USA: 9 stanów w dniu wyborów głosowało ws. legalizacji marihuany
• Podczas wyborów prezydenckich w USA głosowano również ws. legalizacji marihuany
• W 5 stanach (Arizona, Kalifornia, Maine, Massachusetts, Nevada) głosowano za pełną legalizacją
• W 4 stanach (Arkansas, Floryda, Montana, Północna Dakota) za prawem do stosowania marihuany w celach medycznych
W trakcie wyborów prezydenckich w dziewięciu stanach przeprowadzono również głosowania ws. zniesienia restrykcji dotyczących używania i uprawiania marihuany.

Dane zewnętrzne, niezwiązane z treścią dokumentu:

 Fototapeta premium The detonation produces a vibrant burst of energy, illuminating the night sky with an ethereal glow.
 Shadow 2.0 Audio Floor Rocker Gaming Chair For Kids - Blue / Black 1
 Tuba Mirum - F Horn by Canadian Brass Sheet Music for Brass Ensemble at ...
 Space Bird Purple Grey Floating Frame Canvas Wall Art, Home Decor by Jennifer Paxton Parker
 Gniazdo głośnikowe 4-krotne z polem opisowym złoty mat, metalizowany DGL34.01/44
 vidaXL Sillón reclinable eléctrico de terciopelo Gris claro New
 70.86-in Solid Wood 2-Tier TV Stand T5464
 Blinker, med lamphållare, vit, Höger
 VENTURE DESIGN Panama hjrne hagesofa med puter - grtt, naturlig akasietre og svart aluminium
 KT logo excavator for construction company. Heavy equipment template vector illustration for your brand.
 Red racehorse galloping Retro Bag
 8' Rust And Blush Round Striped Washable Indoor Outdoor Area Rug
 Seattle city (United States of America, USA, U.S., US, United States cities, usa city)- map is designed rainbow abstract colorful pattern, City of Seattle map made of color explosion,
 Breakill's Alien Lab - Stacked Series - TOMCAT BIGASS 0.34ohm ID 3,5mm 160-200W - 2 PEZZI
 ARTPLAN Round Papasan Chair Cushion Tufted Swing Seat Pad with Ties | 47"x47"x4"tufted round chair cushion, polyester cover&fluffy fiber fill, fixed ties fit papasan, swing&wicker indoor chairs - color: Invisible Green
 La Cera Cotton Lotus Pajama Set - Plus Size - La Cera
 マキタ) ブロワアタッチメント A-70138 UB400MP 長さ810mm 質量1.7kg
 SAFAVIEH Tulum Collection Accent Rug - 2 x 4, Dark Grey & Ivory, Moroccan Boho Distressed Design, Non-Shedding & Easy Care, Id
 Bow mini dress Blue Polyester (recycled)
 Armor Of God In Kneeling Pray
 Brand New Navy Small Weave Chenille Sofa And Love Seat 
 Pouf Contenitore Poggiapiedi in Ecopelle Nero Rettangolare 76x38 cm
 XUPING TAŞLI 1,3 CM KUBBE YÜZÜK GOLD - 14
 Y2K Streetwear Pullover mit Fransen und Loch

Już we wtorek wieczorem pięć stanów może całkowicie zalegalizować trawkę. W wyniku takiej zmiany aż ćwierć populacji Stanów Zjednoczonych będzie mogła używać w pełni legalnie marihuany – stany zaś skorzystają na legalizacji dzięki wpływom z podatków.
Zwolennicy legalizacji marihuany uważają, że wieczór wyborczy może okazać się przełomowy dla ich ruchu. - To najważniejszy dzień w historii ruchów popierających prawo do używania marihuany – twierdzi Tom Angell, przewodniczący Marijuana Majority.
Jednym z koronnych przykładów popierających legalizację jest stan Kolorado. Chęć zmiany prawa spotykała się tam z dużym oporem i wizjami olbrzymiego wzrostu przestępczości. Po ponad dwóch latach od legalizacji jednak kryminalne statystyki nie uległy większym zmianom.
Część stanów podjęła głosowanie w sprawie pełnego dostępu do marihuany (możliwości posiadania, używania i produkowania), inne wyłącznie za pozwoleniem stosowania marihuany w celach leczniczych.
Za lub przeciw wprowadzeniu prawa do tzw. rekreacyjnego posiadania głosowali wyborcy w Arizonie, Kalifornii, Maine, Massachusetts i Nevadzie. Z kolei za potencjalnym dopuszczeniem stosowania marihuany w celach leczniczych decydowano w Arkansas, Florydzie, Montanie i Północnej Dakocie.